▶ _Task requirements_: From the line holding "39 John Street" through the line holding "Cama o camas" below, write out every line exactly; include both of those lines and drop the pictures.

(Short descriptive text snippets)
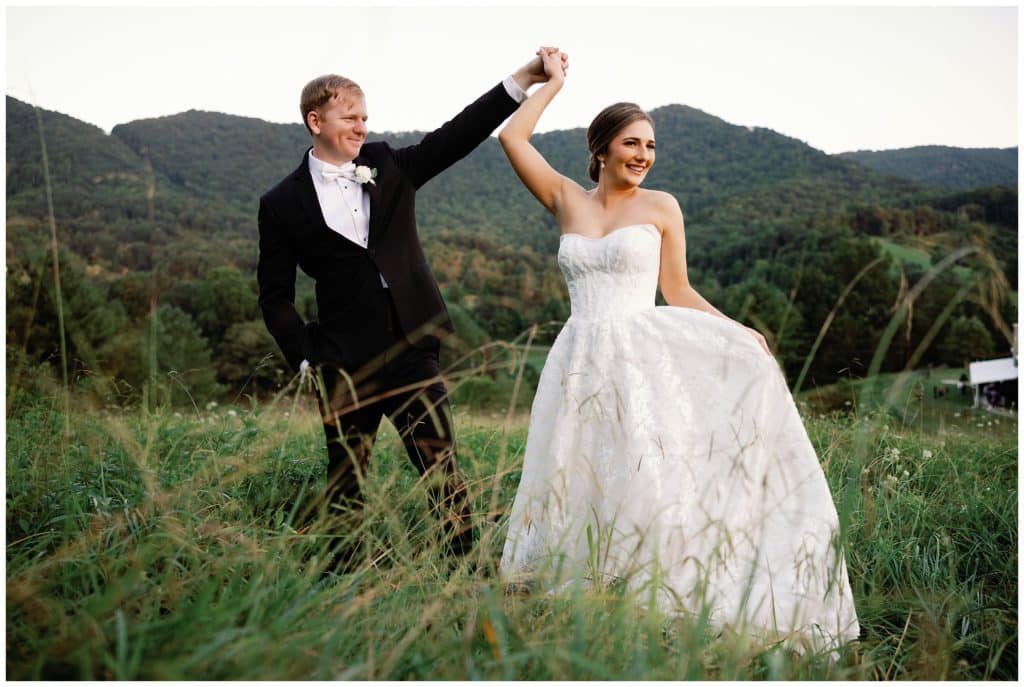 A bride and groom in a field holding hands.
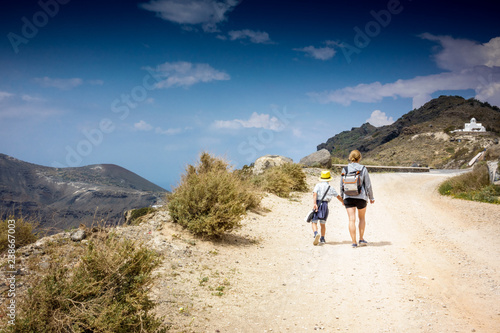 Fotografia, Obraz Mother with son walking on dirt road leading to mountain; Santorini island; Gree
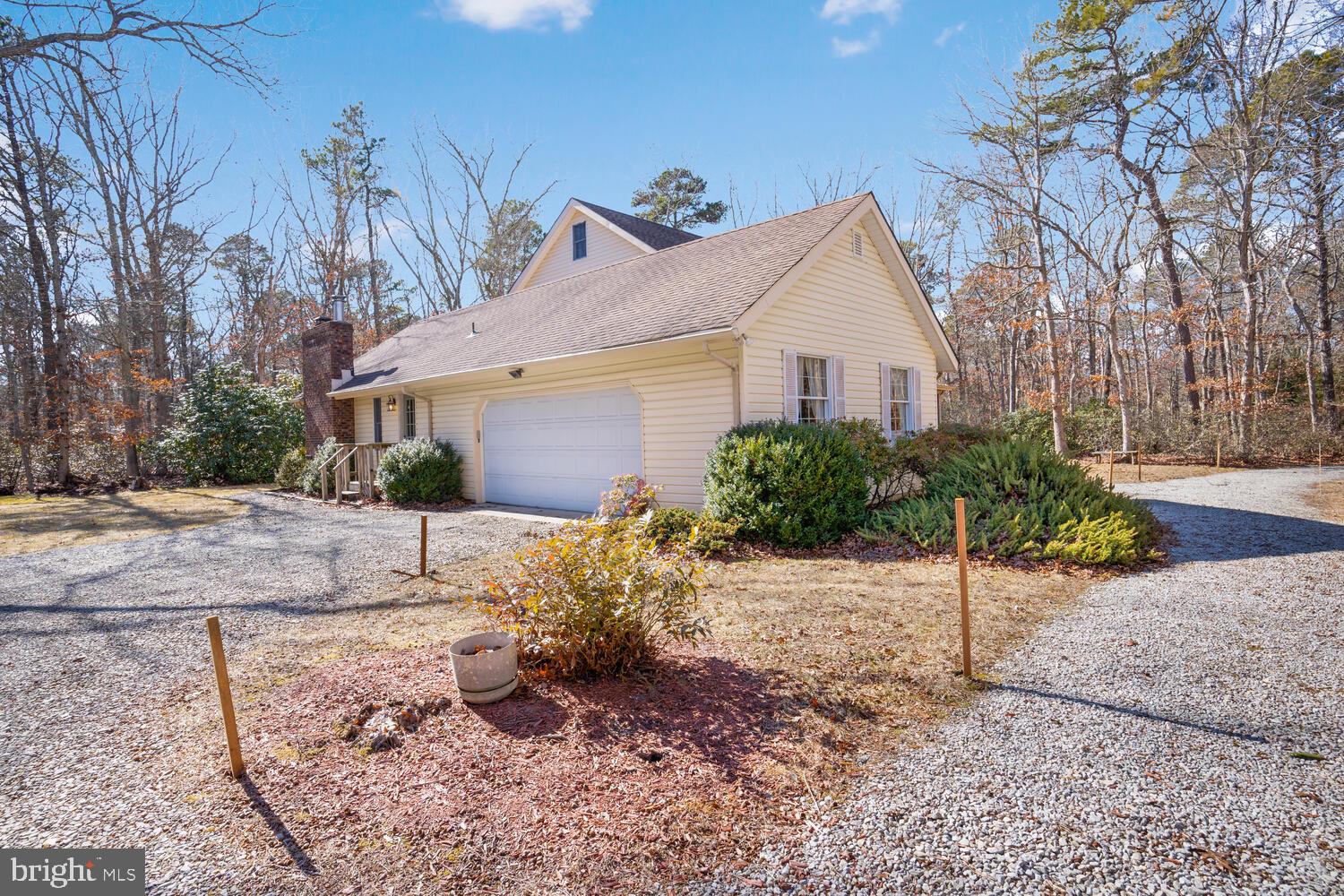 39 John Street Little Egg Harbor, NJ 08087 - Photo 4 of 40 a view of a house with a yard and large tree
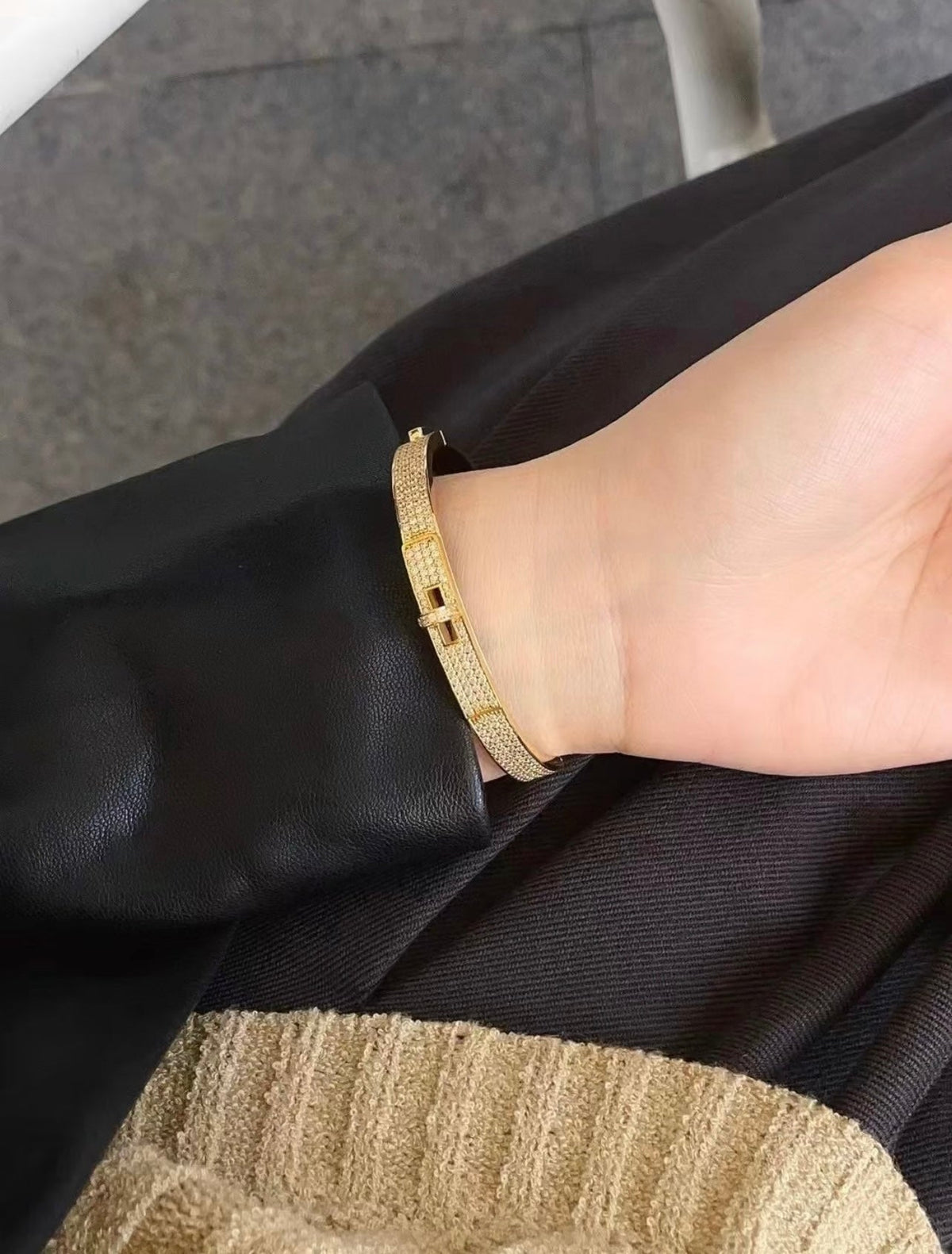 Martin Graham bangle in polished metal-tone – close-up detail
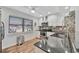 Modern kitchen with stainless steel appliances, granite countertops, and mosaic backsplash at 3876 Catalina Dr, Bradenton, FL 34210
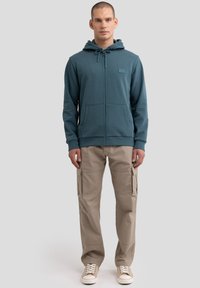 Felpa con zip di colore verde acqua, con lacci, due tasche frontali e polsini a costine. Abbinata a pantaloni cargo beige e sneakers color crema. Design semplice.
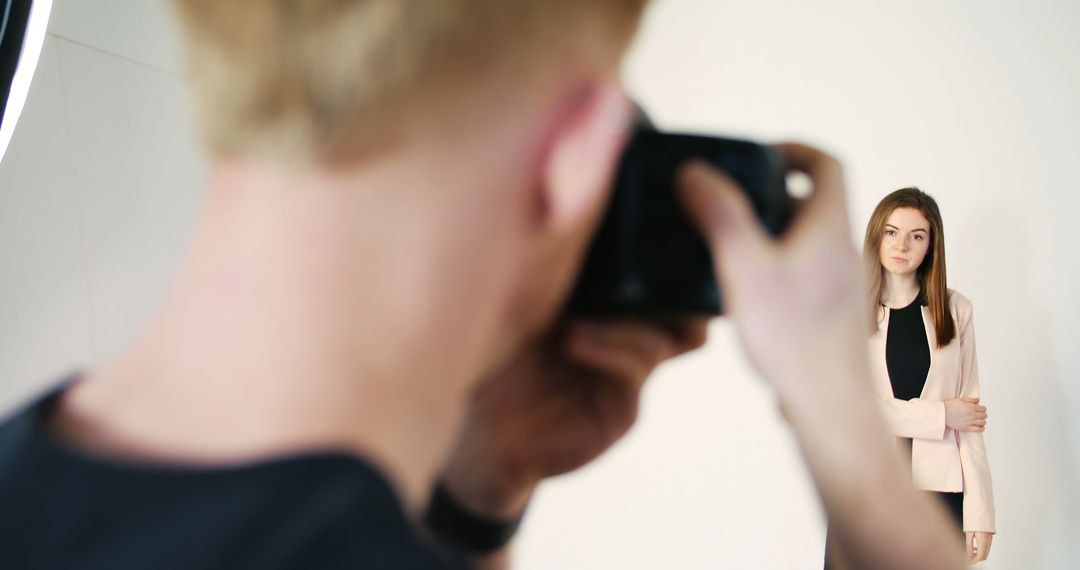 Photographer Takes Portrait of Young Woman in Studio Setting - Free Images, Stock Photos and Pictures on Pikwizard.com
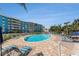 Beautiful outdoor pool area with ample seating, perfect for relaxation and enjoyment at 3315 58Th S Ave # 605, St Petersburg, FL 33712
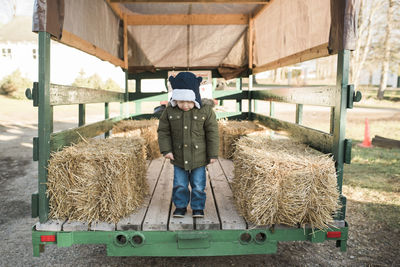 Full length of boy standing on vehicle trailer by hay bales at farm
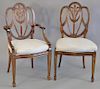 Set of twelve Federal mahogany style dining chairs with plaque marked Paramount Antiques N.Y. includes two armchairs and ten side ch...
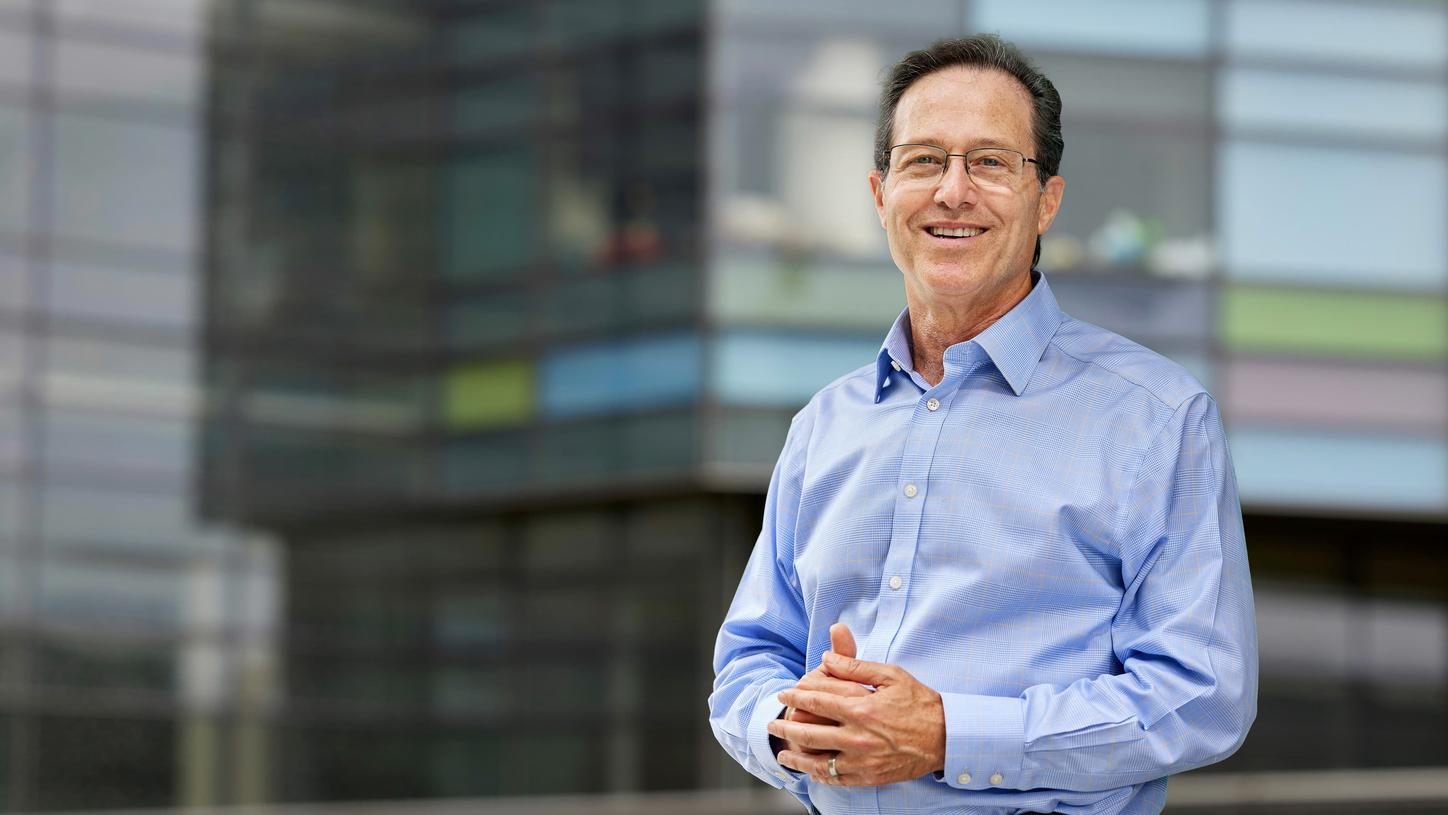 Person wearing a light blue button-down shirt stands with hands loosely clasped in front, positioned outdoors against a modern glass building with horizontal architectural lines.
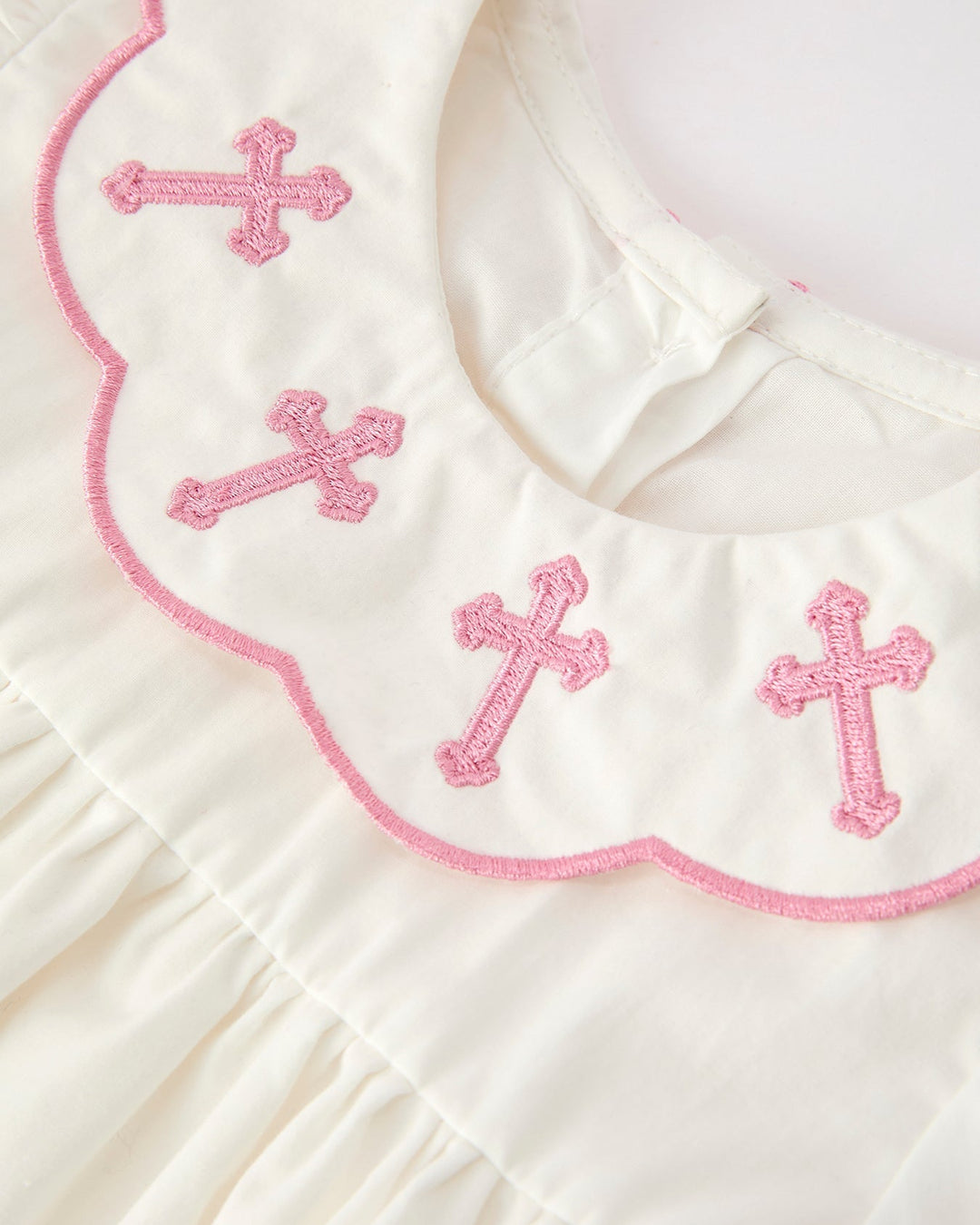 White christening dress bib with pink cross embroidery and scalloped pink edge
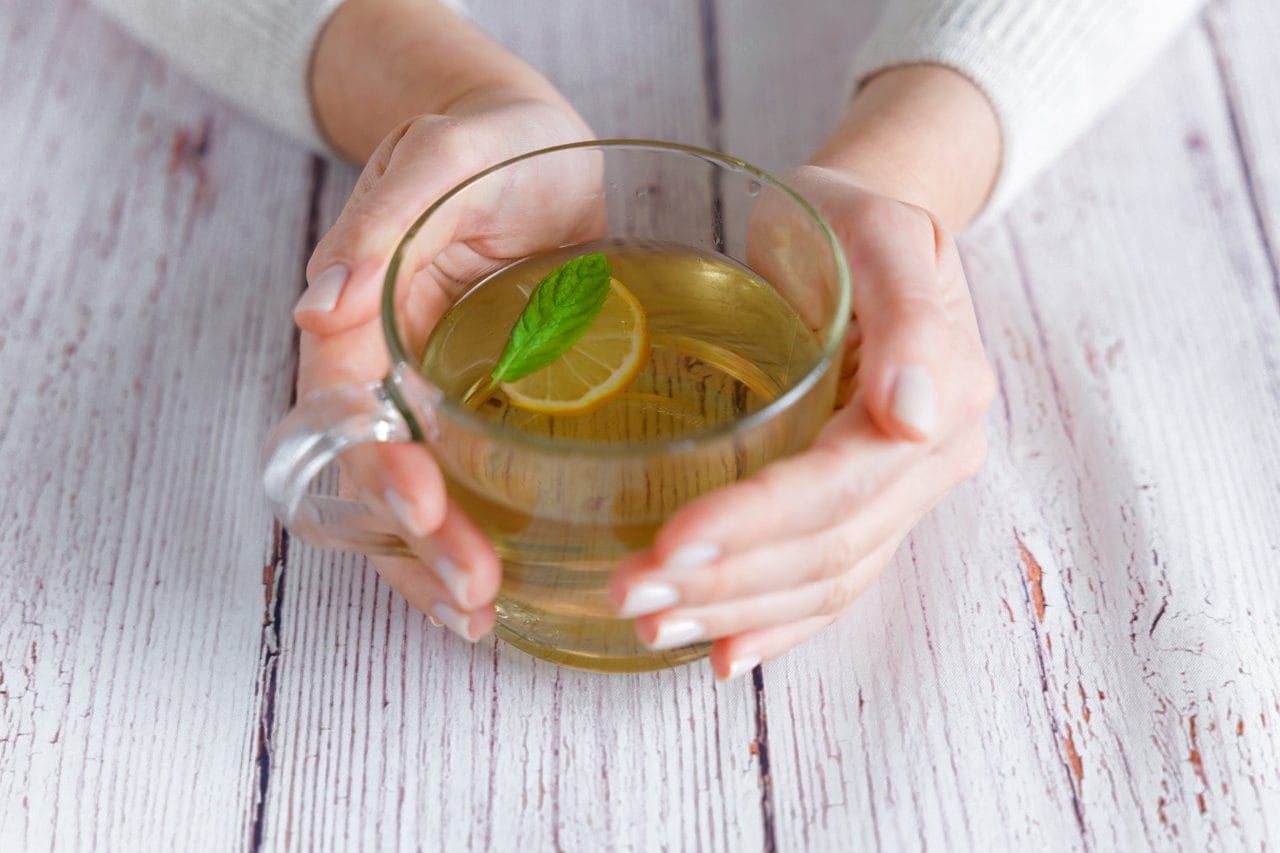 Hands holding herbal tea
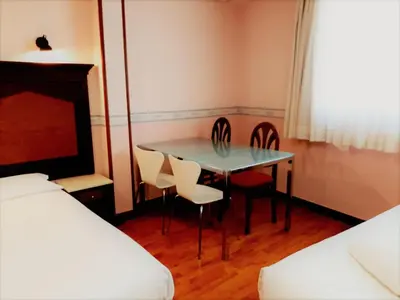 Cama o camas de una habitación en Hosteria Sara by gaiarooms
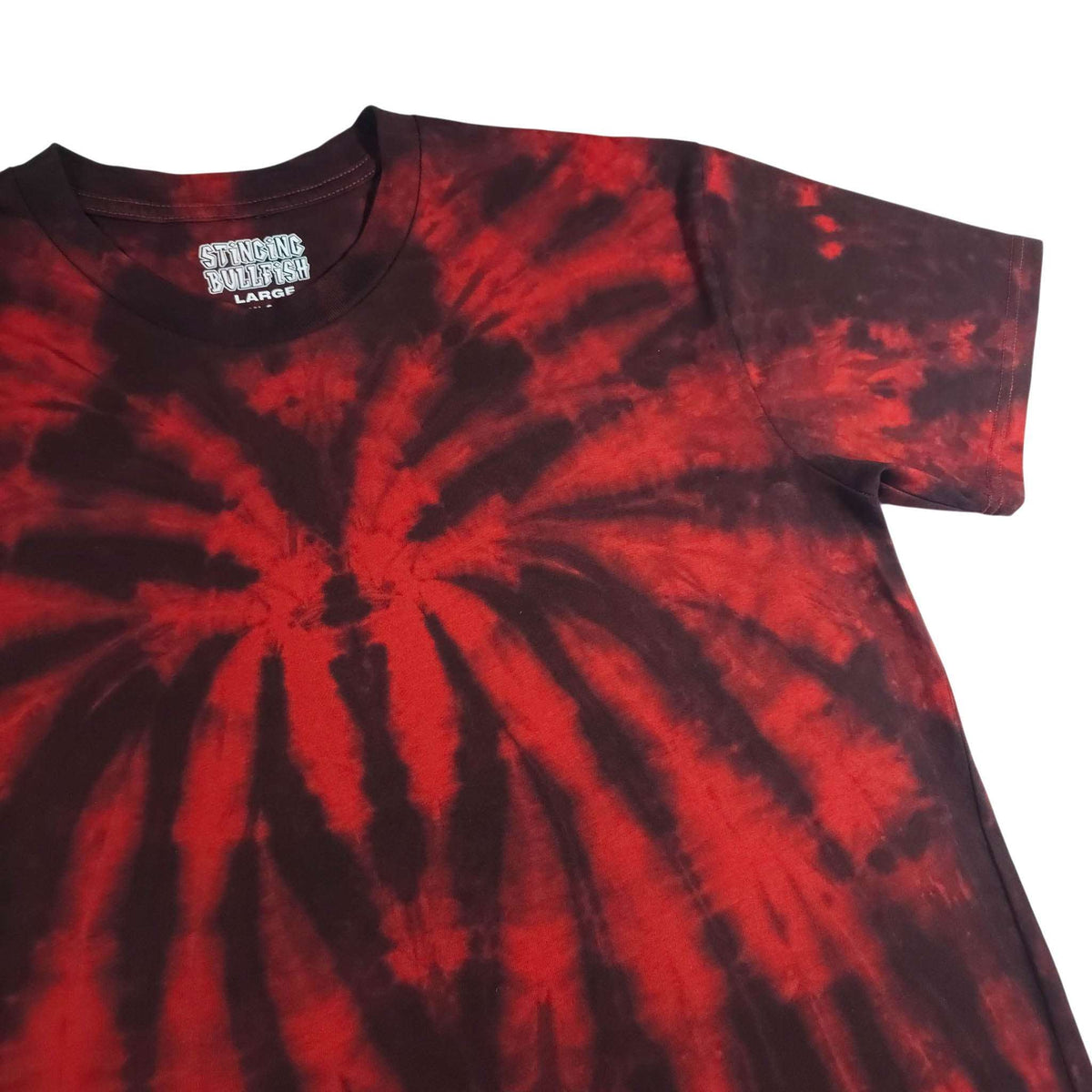 Spider tie-dye T-shirt side/front crop, red spiral rays on dark base, crew neck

▶ _Answer to the problem_:
 39 John Street Little Egg Harbor, NJ 08087 - Photo 4 of 40 a view of a house with a yard and large tree
 Martin Graham bangle in polished metal-tone – close-up detail
 Modern kitchen with stainless steel appliances, granite countertops, and mosaic backsplash at 3876 Catalina Dr, Bradenton, FL 34210
 Felpa con zip di colore verde acqua, con lacci, due tasche frontali e polsini a costine. Abbinata a pantaloni cargo beige e sneakers color crema. Design semplice.
 Photographer Takes Portrait of Young Woman in Studio Setting - Free Images, Stock Photos and Pictures on Pikwizard.com
 Beautiful outdoor pool area with ample seating, perfect for relaxation and enjoyment at 3315 58Th S Ave # 605, St Petersburg, FL 33712
 Full length of boy standing on vehicle trailer by hay bales at farm
 Set of twelve Federal mahogany style dining chairs with plaque marked Paramount Antiques N.Y. includes two armchairs and ten side ch...
 Person wearing a light blue button-down shirt stands with hands loosely clasped in front, positioned outdoors against a modern glass building with horizontal architectural lines.
 White christening dress bib with pink cross embroidery and scalloped pink edge
 Hands holding herbal tea
 Cama o camas de una habitación en Hosteria Sara by gaiarooms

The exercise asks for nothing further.